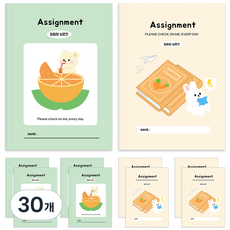 Tamsaa 小學聯絡簿 寬行距寬版聯絡簿筆記本 10本1組, 30個, 混色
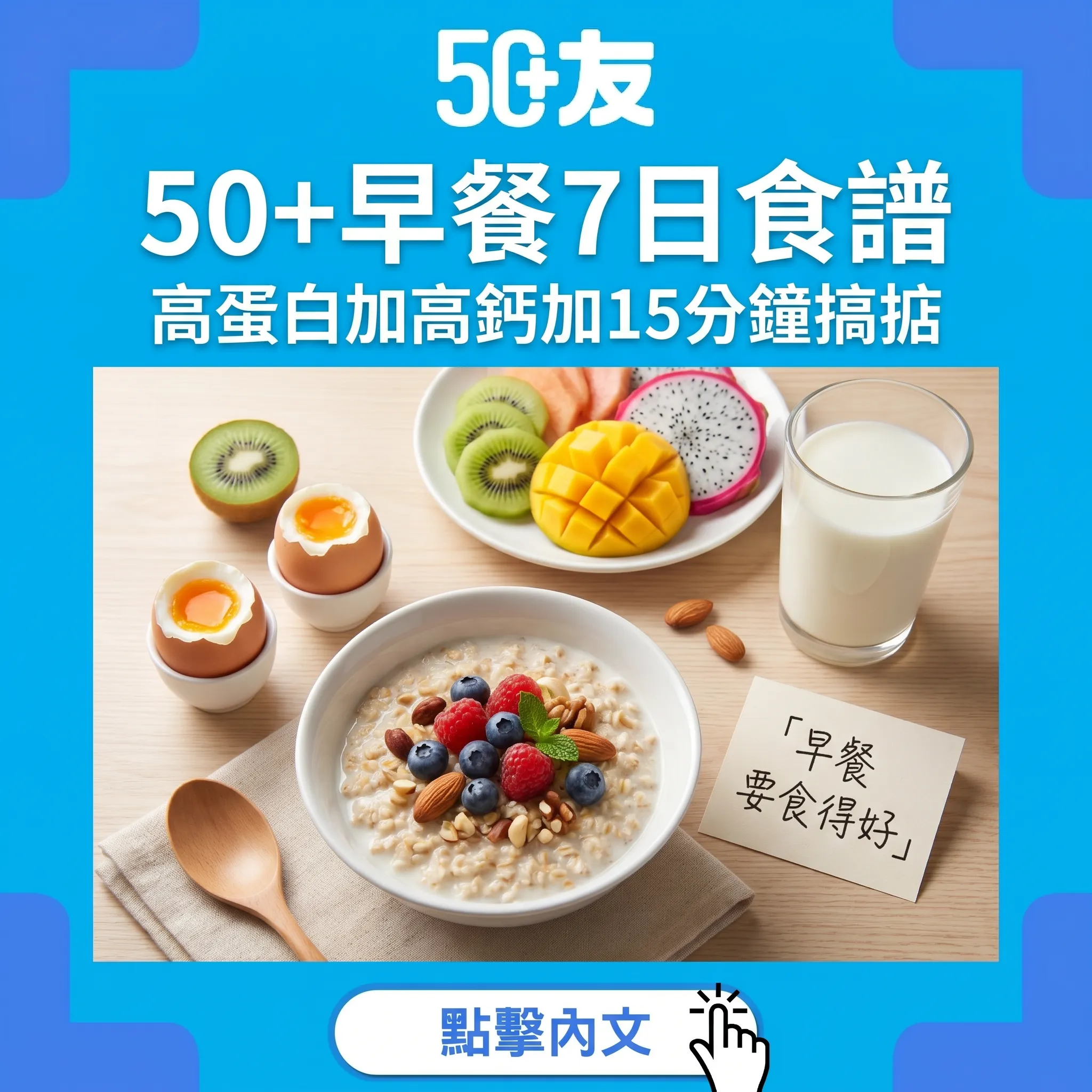 50+長者早餐7日食譜！高蛋白高鈣加茶餐廳健康選擇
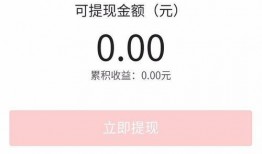 今日头条爆料点在哪里,揭秘热点事件背后的真相与内幕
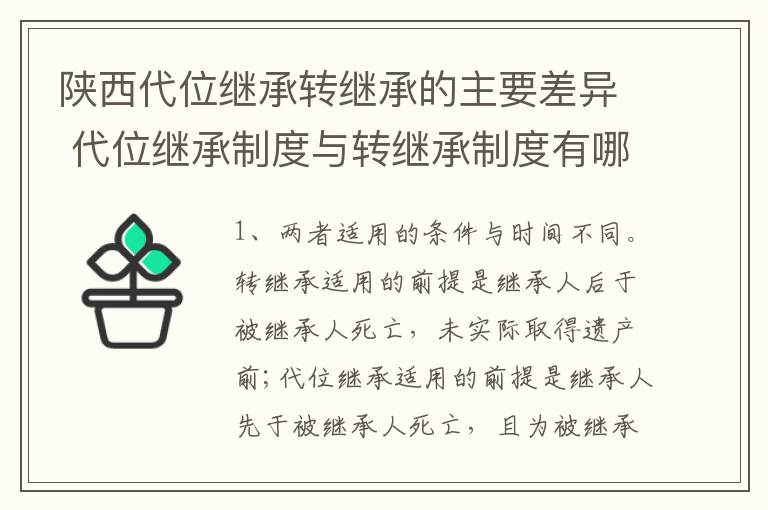 陕西代位继承转继承的主要差异 代位继承制度与转继承制度有哪些不同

* YOUR INSTRUCTIONS: Exact output of each line above is wanted, without the pictures.

* SOLVED EXERCISE:
 Tamsaa 小學聯絡簿 寬行距寬版聯絡簿筆記本 10本1組, 30個, 混色
 50+長者早餐7日食譜！高蛋白高鈣加茶餐廳健康選擇
 今日头条爆料点在哪里,揭秘热点事件背后的真相与内幕
 陕西代位继承转继承的主要差异 代位继承制度与转继承制度有哪些不同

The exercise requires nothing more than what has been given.